▸ **EXERCISE**
Please give again, word for word, the lines that lie between the start of the listing below and the line with "May include: A", both included.

-- DATA EXCERPTS follows --

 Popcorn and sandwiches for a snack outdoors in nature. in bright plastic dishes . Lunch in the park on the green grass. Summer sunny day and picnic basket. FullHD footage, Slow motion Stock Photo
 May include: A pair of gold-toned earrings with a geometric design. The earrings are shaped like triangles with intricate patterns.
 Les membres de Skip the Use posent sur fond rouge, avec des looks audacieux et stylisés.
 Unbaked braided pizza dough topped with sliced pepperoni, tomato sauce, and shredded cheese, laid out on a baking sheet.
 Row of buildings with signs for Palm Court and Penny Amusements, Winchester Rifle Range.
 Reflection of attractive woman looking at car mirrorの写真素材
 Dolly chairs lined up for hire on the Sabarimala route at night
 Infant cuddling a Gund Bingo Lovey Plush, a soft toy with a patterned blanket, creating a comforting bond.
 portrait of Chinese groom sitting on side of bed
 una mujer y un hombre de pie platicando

-- DATA EXCERPTS concluded --

▸ **EXERCISE RESULT**
 Popcorn and sandwiches for a snack outdoors in nature. in bright plastic dishes . Lunch in the park on the green grass. Summer sunny day and picnic basket. FullHD footage, Slow motion Stock Photo
 May include: A pair of gold-toned earrings with a geometric design. The earrings are shaped like triangles with intricate patterns.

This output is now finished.